The lawsuit, filed on Dec. 19, 2025, alleges Raiven Fund Management, a Canadian venture capital firm, and Paul Dugsin, a principal of Raiven named chair of the board of Vertical Harvest, misled the broker, Waterside Commercial Finance, into agreeing to defer payment of 2% of the proceeds of the USDA loan, which amounts to about $975,000. Waterside is seeking full payment of damages, attorneys’ fees and any other penalty the court finds appropriate.
Vertical Harvest is a four-story hydroponic farm that expects to produce 3 million pounds of leafy greens annually. It received nearly $60 million in financing, and after some construction delays, is now operational, CEO Nona Yehia said Thursday.
Yehia said in an email that Vertical Harvest is focused on operating the business, building revenue and serving customers as the lawsuit proceeds.

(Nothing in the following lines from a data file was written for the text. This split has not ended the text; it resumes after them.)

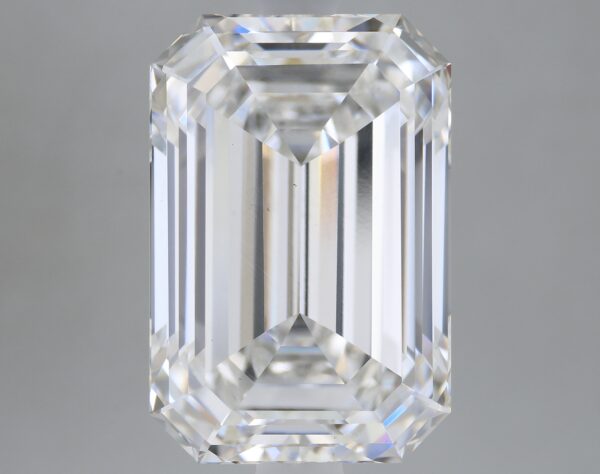 4.04 carat, E colour, VS1 clarity, Emerald shape, Lab Grown Diamond.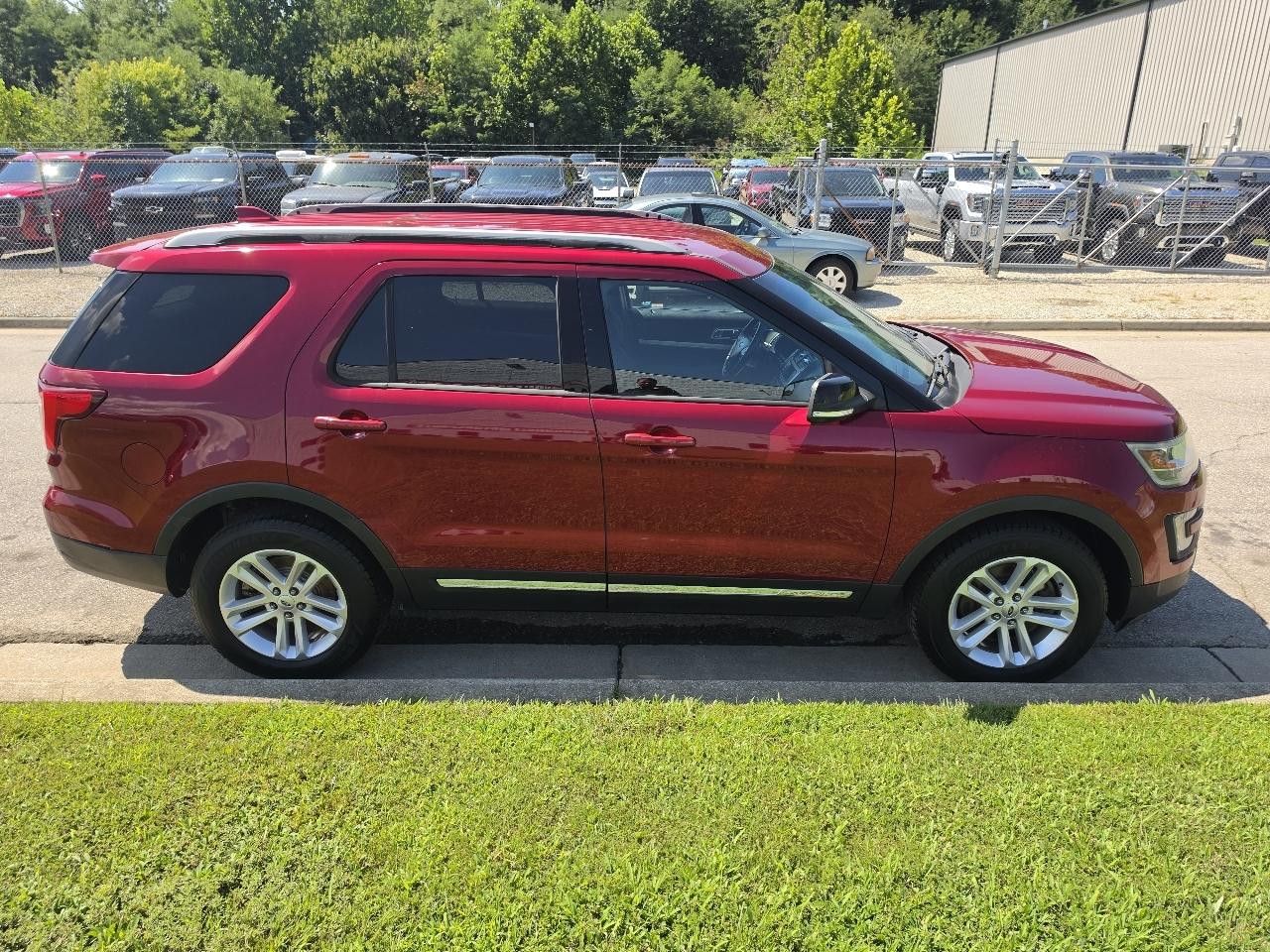 Ford Explorer 2WD 4dr V6 XLT 2017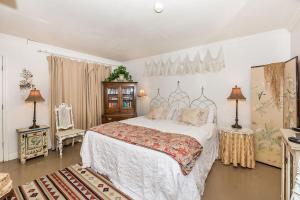 a bedroom with a large bed in a room at Binky's Summer Afternoon in Fredericksburg +4 photos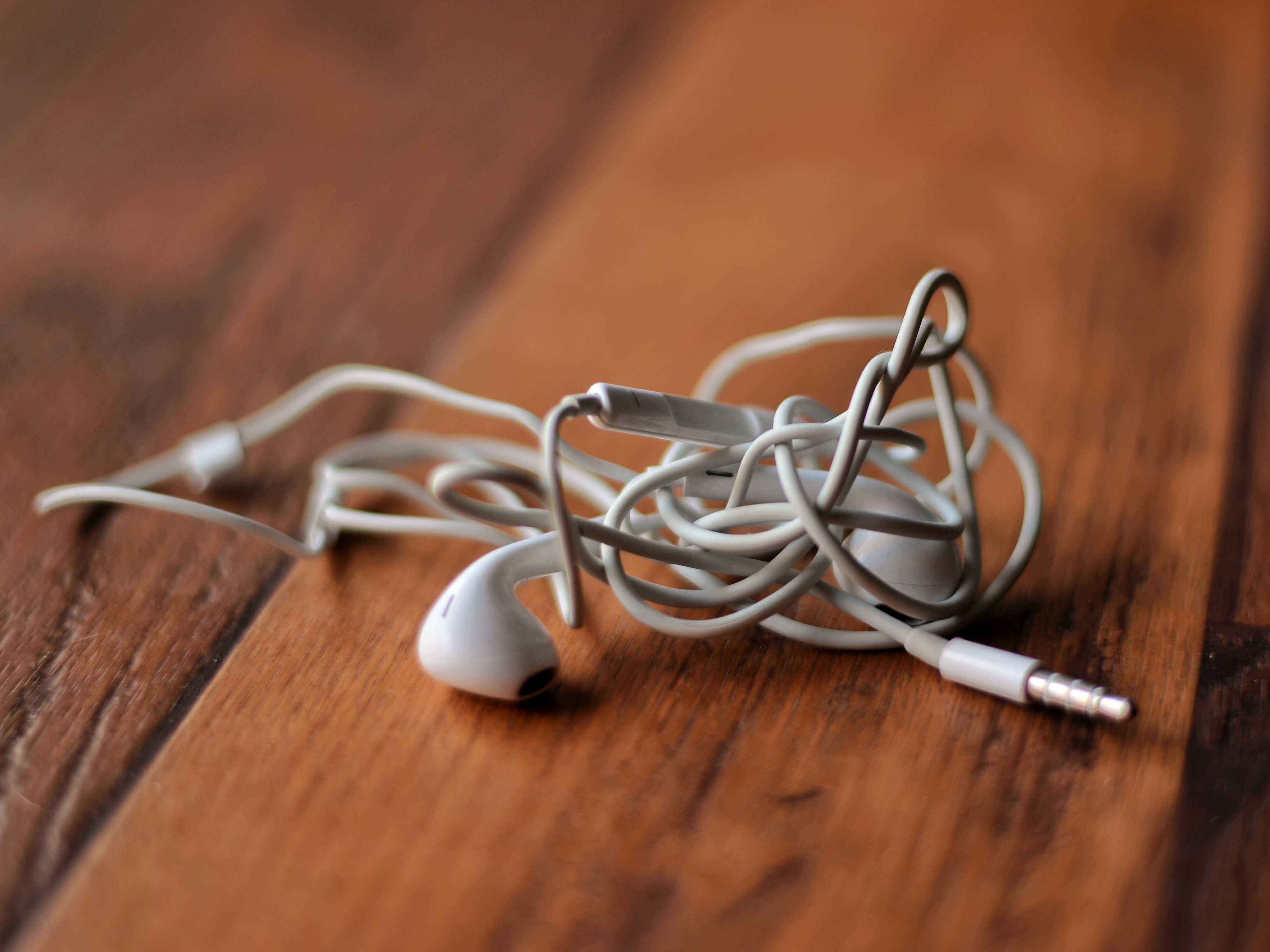 EarPods aren't going wireless in 2016.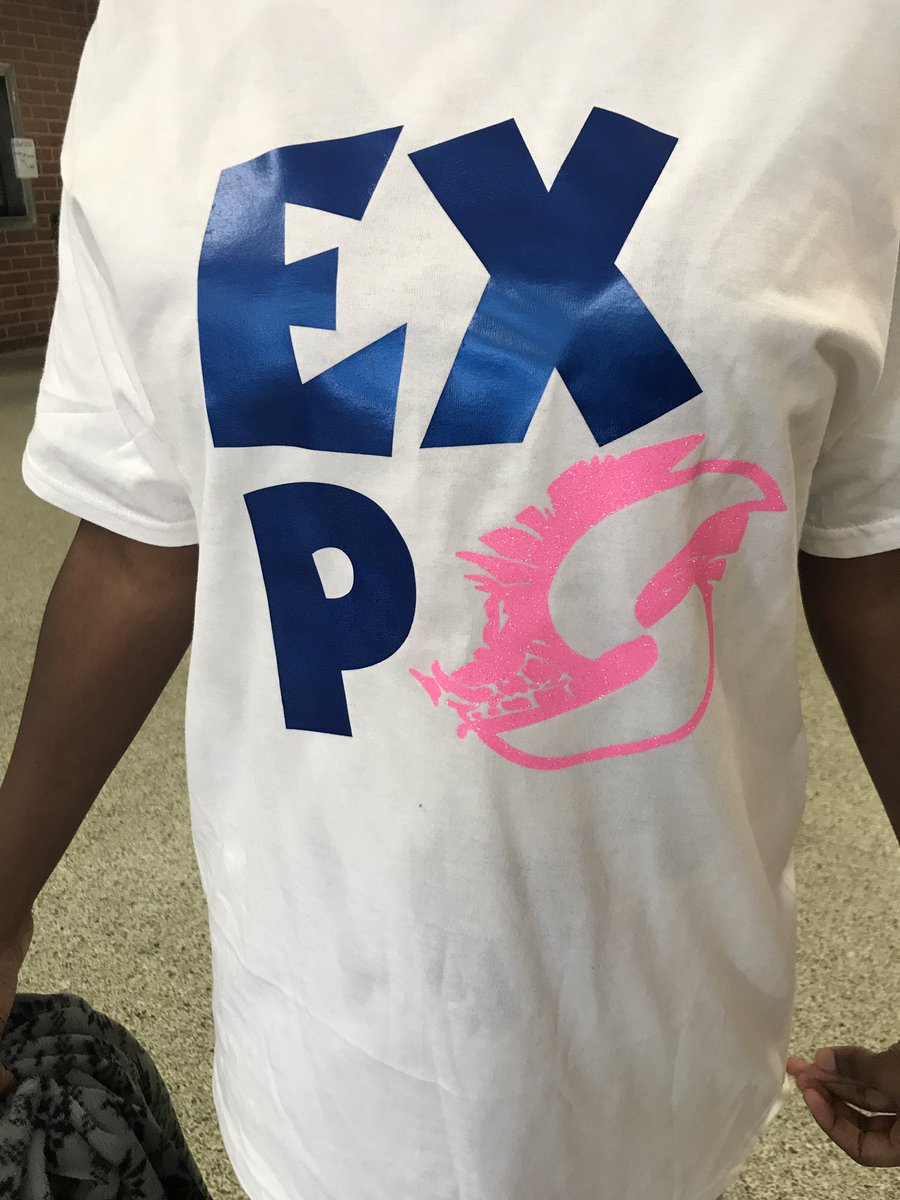 nstreet_teaches's tweet image. @OfficialSHSPack 
Post 2 of 2: SHS Expo was outstanding! It’s was so wonderful to see all their hard work and get to interact with the students. I’m blown away by their research, deeper learning, and critical thinking! #the5cs #pblexpo #packerpride #iowcsproud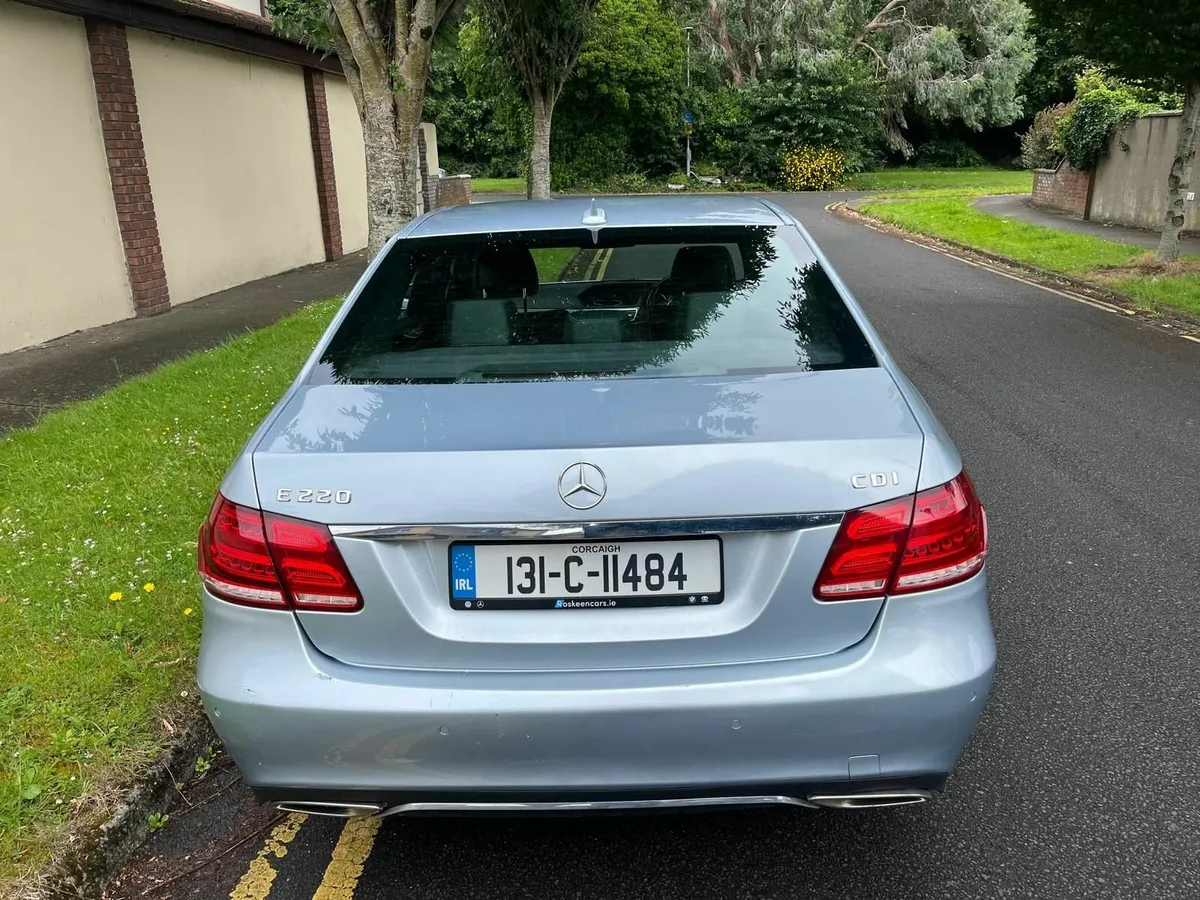 Mercedes-Benz E-Class 2013 - Image 2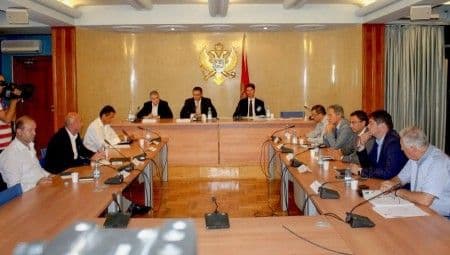 ODBOR ZA EKONOMIJU: Usvojiti Predlog zakona o energetici ODBOR ZA EKONOMIJU: Usvojiti Predlog zakona o energetici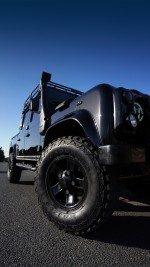 2010 Land Rover Defender 110 Pickup - 73k km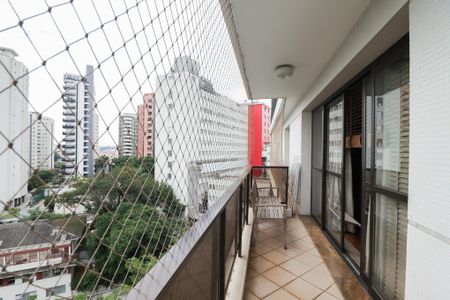 Apartamento à venda com 240m², 3 quartos e 4 vagasVaranda da Sala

“We are aware of the filing and want to be clear that the claims being asserted are inaccurate and materially misleading,” Yehia wrote. “This is a commercial dispute arising from a complex financing and vendor relationship, not an operational failure or cessation of business.”
Dugsin did not respond to a request for comment Thursday.
According to the lawsuit, at the closing of the loan, Vertical Harvest paid Waterside $75,000, and in April of 2024, Vertical Harvest and Waterside entered into a “subordinated note agreement” to determine the terms for repayment of the remaining $900,000. A subordination agreement ranks debts by order of priority, so Waterside agreed to be paid only after the obligations to the senior lenders are satisfied.
According to the payment plan, if the repayment isn’t made in eight months, Vertical Harvest would owe Waterside $1.8 million, double the original amount. Afterward, interest will accrue at an annual rate of 25%.
The agreement confirmed that the payment plan was approved by senior lenders and repayment would not violate existing financial obligations. The repayment would remain mandatory unless Vertical Harvest provides written proof that the USDA or senior lenders object to the payment plan.
The lawsuit states that if Vertical Harvest and Dugsin had not confirmed that senior lenders approved repayment, Waterside would not have entered into the agreement. According to the lawsuit, Dugsin personally and separately confirmed the senior lenders’ approval, so he is sued individually, and Raiven is vicariously liable because of Dugsin’s role at Raiven.
In a separate breach of the agreement, the lawsuit alleges, Vertical Harvest did not pay Waterside after it received new financing that exceeded $500,000. Vertical Harvest allegedly received new capital from Raiven in September 2025, which it failed to disclose to Waterside, and then did not make any payments to Waterside.
The lawsuit is not the first financial issue Vertical Harvest has had while trying to get off the ground. In the fall of 2025, the city of Westbrook filed a lien against Vertical Harvest as it owed almost $45,000 in unpaid taxes. At the time, Yehia said the farm was not yet working at full capacity.